## What to produce
Given the records underneath, please repeat exactly the lines from the line with "Mobile phone stand speaker - Image 2" through the line with "Lover Relaxed Crew Neck Jumper", passing over any picture.

#### Dataset records ####

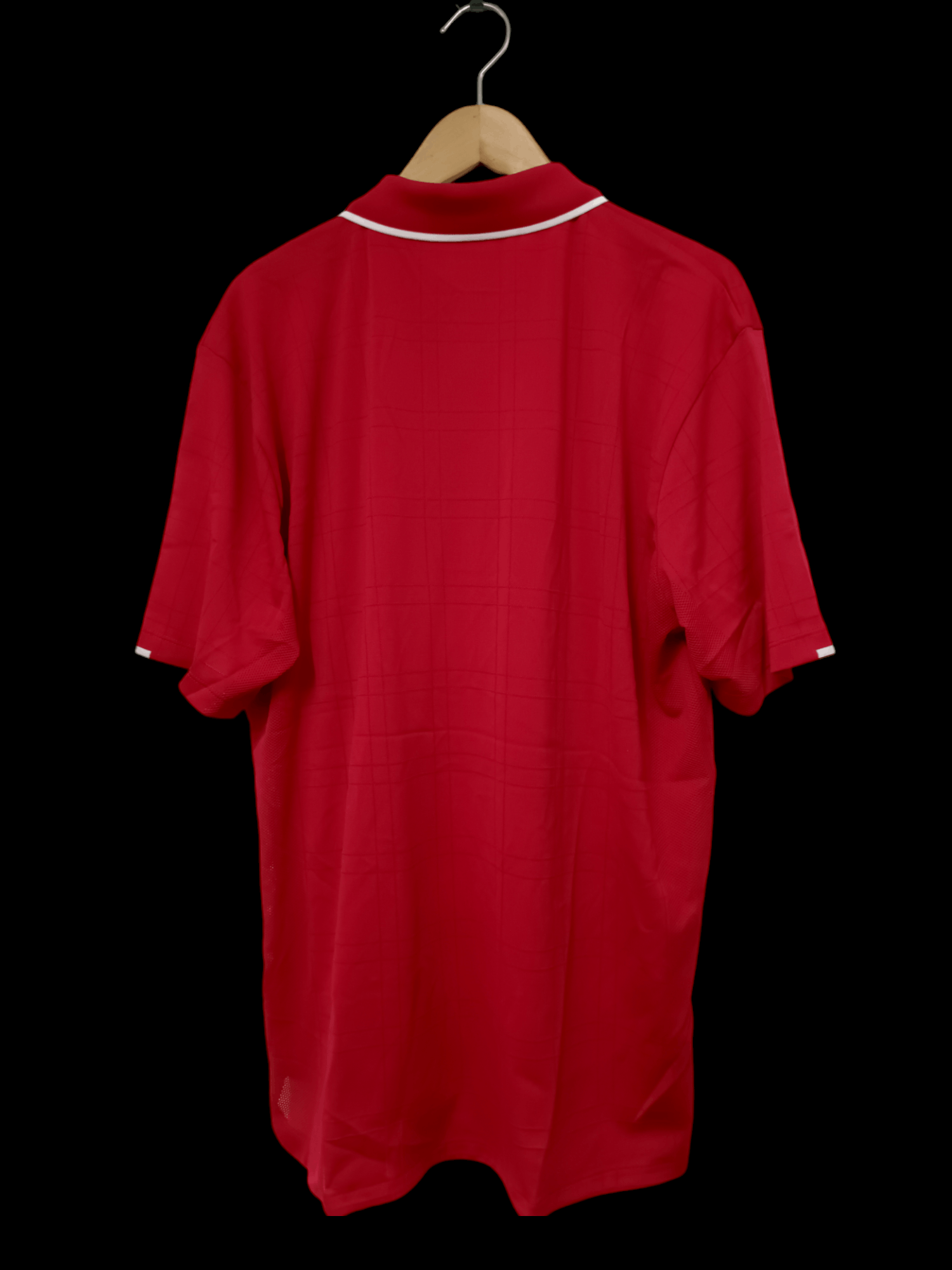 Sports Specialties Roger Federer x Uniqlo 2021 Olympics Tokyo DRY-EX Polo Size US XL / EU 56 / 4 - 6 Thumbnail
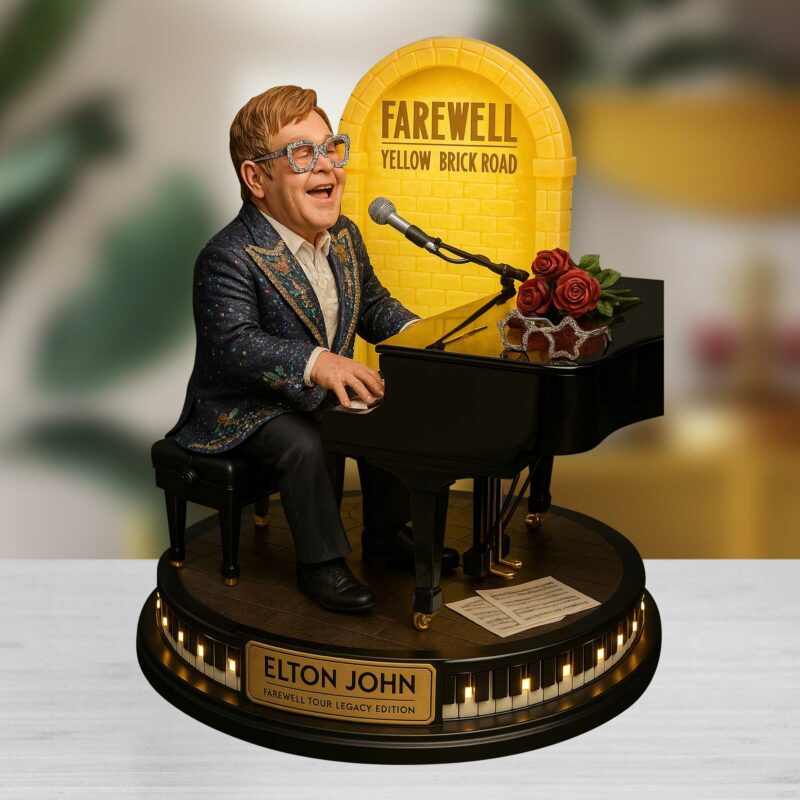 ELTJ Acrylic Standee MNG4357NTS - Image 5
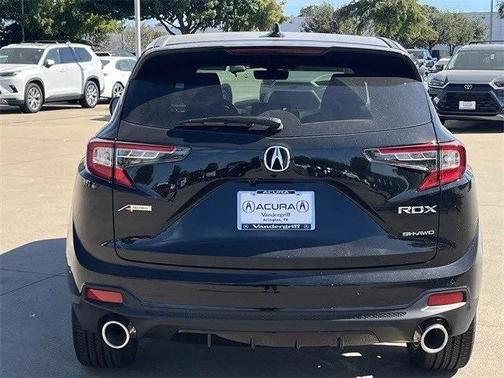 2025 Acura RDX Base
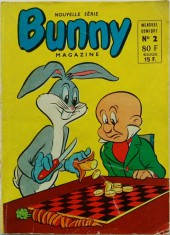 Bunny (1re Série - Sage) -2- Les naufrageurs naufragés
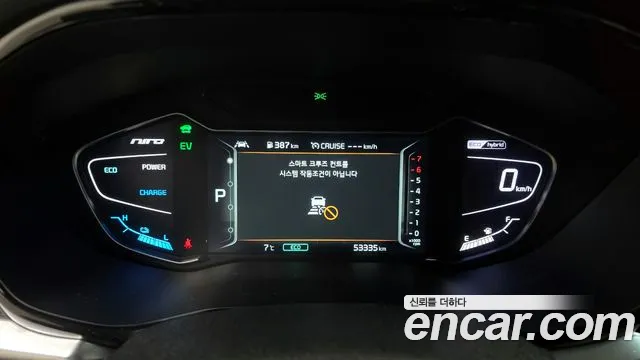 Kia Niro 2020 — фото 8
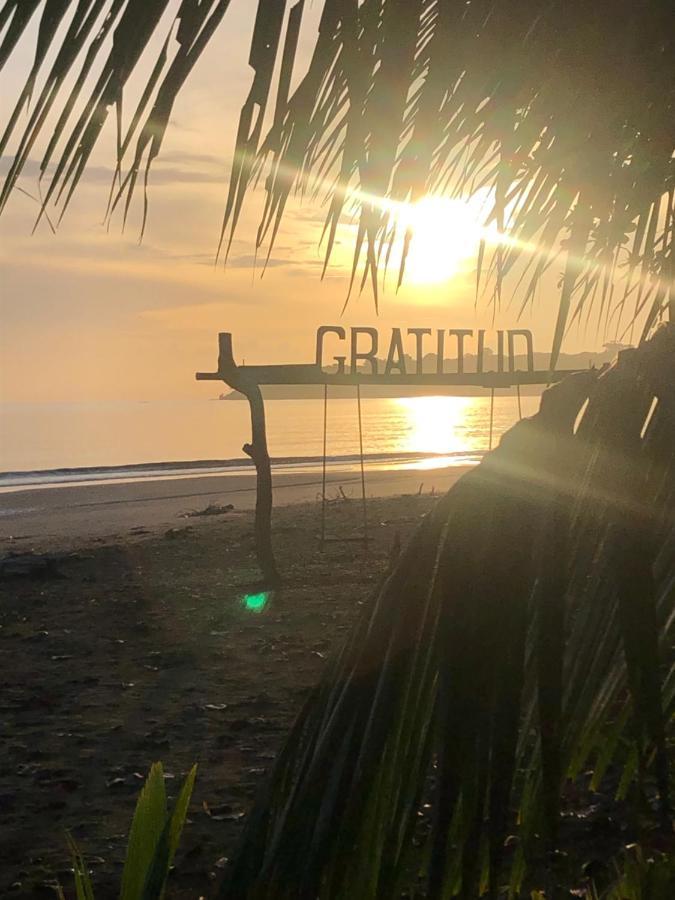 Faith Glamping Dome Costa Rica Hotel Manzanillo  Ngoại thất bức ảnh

####
#### Dataset records ####

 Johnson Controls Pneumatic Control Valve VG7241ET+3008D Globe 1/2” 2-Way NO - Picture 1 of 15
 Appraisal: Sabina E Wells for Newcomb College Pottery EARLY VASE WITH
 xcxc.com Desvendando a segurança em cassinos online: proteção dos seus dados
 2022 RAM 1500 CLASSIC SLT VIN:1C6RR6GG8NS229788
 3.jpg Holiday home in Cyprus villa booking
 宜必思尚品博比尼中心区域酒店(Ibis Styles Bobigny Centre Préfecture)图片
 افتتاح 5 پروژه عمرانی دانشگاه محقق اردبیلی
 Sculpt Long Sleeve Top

####
#### Dataset records ####

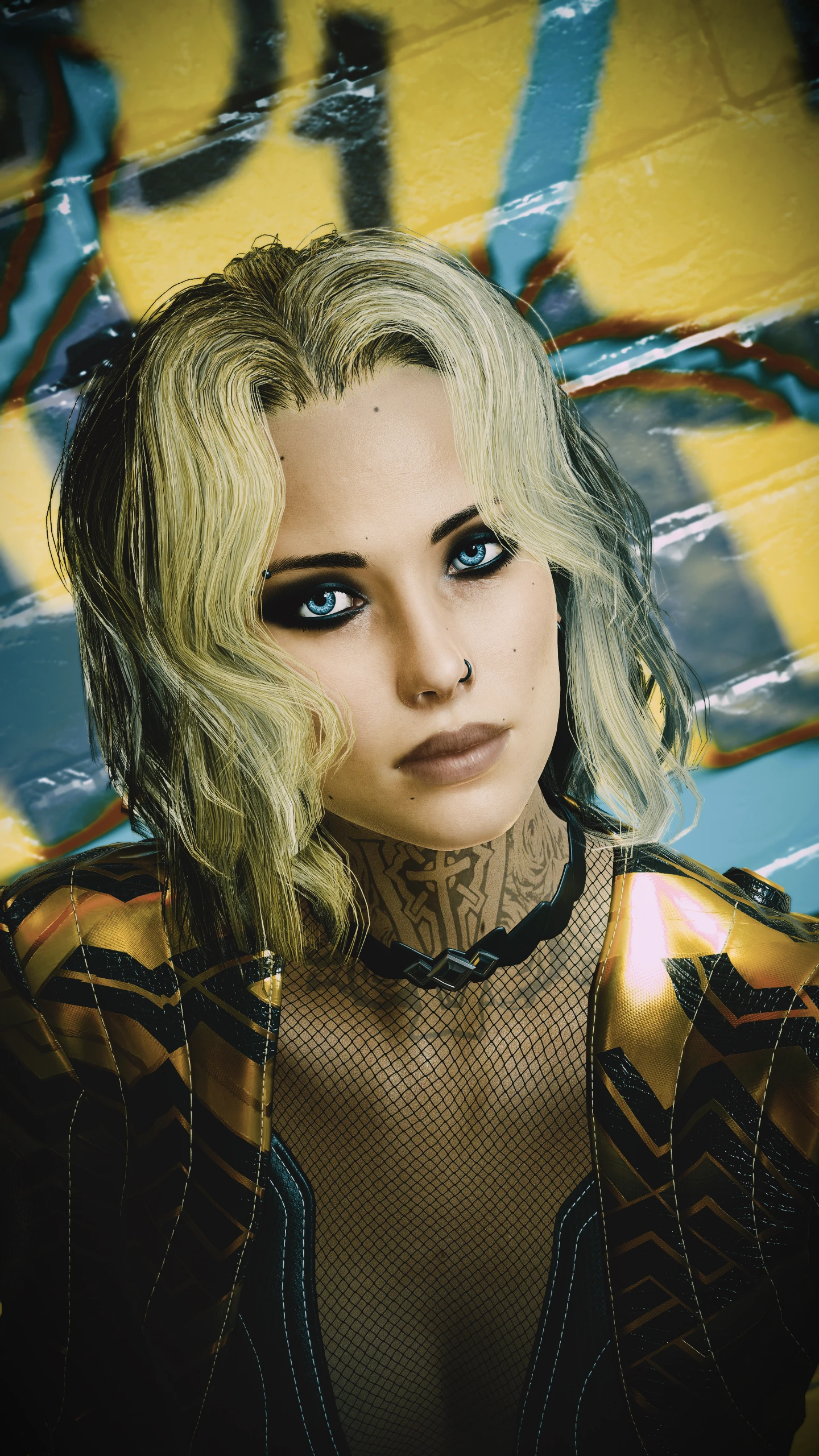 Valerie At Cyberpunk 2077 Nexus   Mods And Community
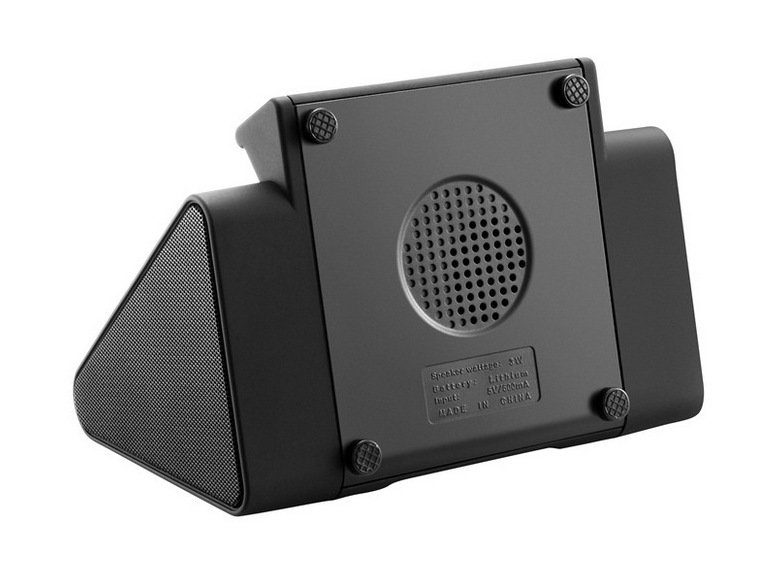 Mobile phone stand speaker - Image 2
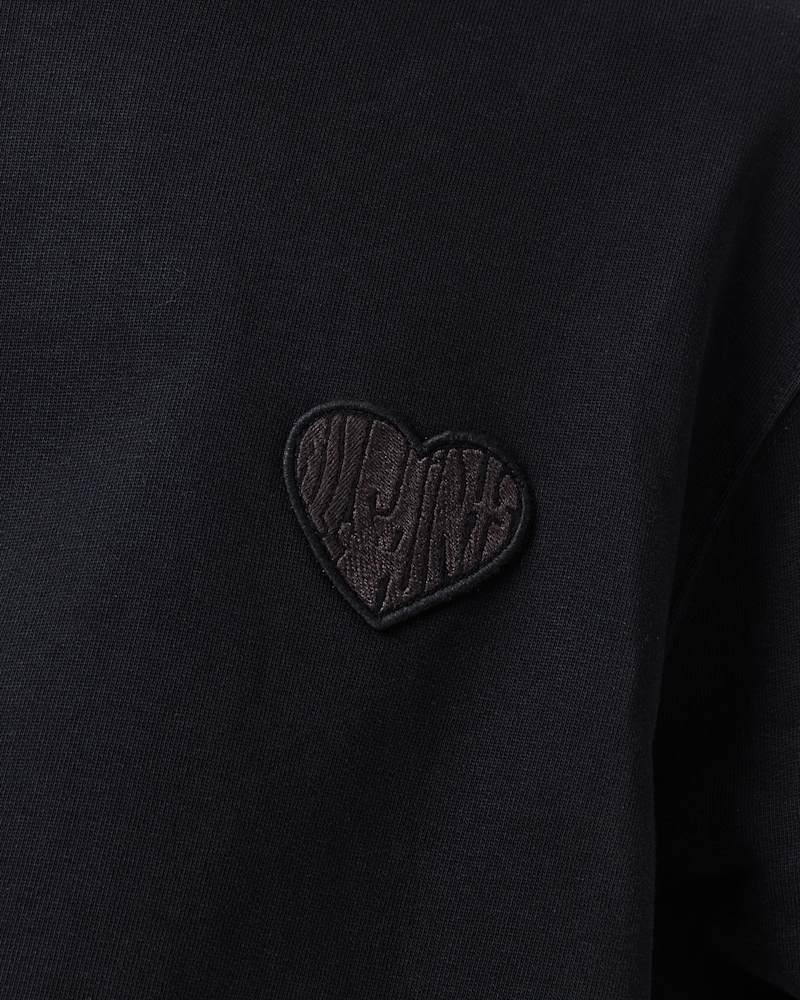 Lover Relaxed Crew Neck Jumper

####

## Result of this exercise
 Mobile phone stand speaker - Image 2
 Lover Relaxed Crew Neck Jumper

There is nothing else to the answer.